06.10.2017 | Fußball

Paukenschlag: Marcel Koller nach ÖFB-Engagement serbischer Nationaltrainer

Vor dem heutigen WM-Qualifikations-Match gibt Marcel Koller überraschend bekannt, zukünftig das serbische Nationalteam zu betreuen.

"Ab Jänner werde ich das serbische Nationalteam betreuen. Ich freue mich sehr auf die neue Herausforderung. Die Zeit bis zu meinem Antritt werde ich nun nützen, mir die restlichen Spiele der Serben aus neutraler Perspektive anzusehen. Heute spielen sie zum Beispiel gegen Österreich", so Koller. Der ÖFB reagierte schockiert auf die völlig überraschende Ankündigung Kollers. "Der Marcel hat uns versichert, dass er erst nach den restlichen zwei Quali-Spielen in Verhandlungen mit anderen Mannschaften treten wird. Dass er uns jetzt so in den Rücken fällt, haben wir nicht erwartet", so Leo Windtner, der danach wütend ein Aktgemälde Kollers von seiner Wand reißt.

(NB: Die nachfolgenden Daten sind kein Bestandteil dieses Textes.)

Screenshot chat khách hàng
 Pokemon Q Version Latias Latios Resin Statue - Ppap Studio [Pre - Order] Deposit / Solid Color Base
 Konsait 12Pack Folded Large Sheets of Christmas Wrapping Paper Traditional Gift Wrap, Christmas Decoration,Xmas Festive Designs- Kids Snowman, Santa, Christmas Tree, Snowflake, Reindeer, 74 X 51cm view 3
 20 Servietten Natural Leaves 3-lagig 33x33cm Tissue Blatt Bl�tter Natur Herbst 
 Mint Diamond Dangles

Kurz vor dem Match gegen Serbien herrscht nun große Verwirrung im ÖFB-Team. Spieler und Funktionäre sind verunsichert und wissen nicht, auf welcher Seite Koller steht. "Ich kenne mich überhaupt nicht mehr aus. Der Marcel wohnt im serbischen Teamhotel und schaut sich auch immer die Trainings von den Serben an. Nur gestern war er kurz bei einem Training von uns und hat andauernd den Kopf geschüttelt und den Willi Ruttensteiner nachgeäfft", so Julian Baumgartlinger.

Koller, der sich wohl schon ganz auf seine kommende Aufgabe konzentriert, war auch nicht bereit, eine Aufstellung für das heutige Spiel vorzunehmen. "Die Aufstellung hat dann unser Busfahrer gemacht. Es ist eine Katastrophe. Er hat den Marko Arnautovic als Linienrichter aufgestellt, Roger Spry steht im Tor und Rainer Pariasek spielt im zentralen Mittelfeld", verrät Teamkapitän Marc Janko.

Koller selbst ist froh, das Spiel so nahe am Feld beobachten zu können. "Ich bin sehr dankbar, dass mir der ÖFB erlaubt, das Match von der Trainerbank aus zu verfolgen. Mir wird sogar der Zutritt in ihre Kabine gewährt, natürlich werde ich sie ein bisschen ausspionieren", gesteht Koller, der noch hinzufügt: "Ich wünsche dem ÖFB-Team trotzdem viel Glück heute. Mein Herz schlägt natürlich für Serbien, aber ich bin auch gewissermaßen Fan der österreichischen Nationalmannschaft. In ein paar Jahren könnte ich mir ein Engagement dort auf jedenfall vorstellen!"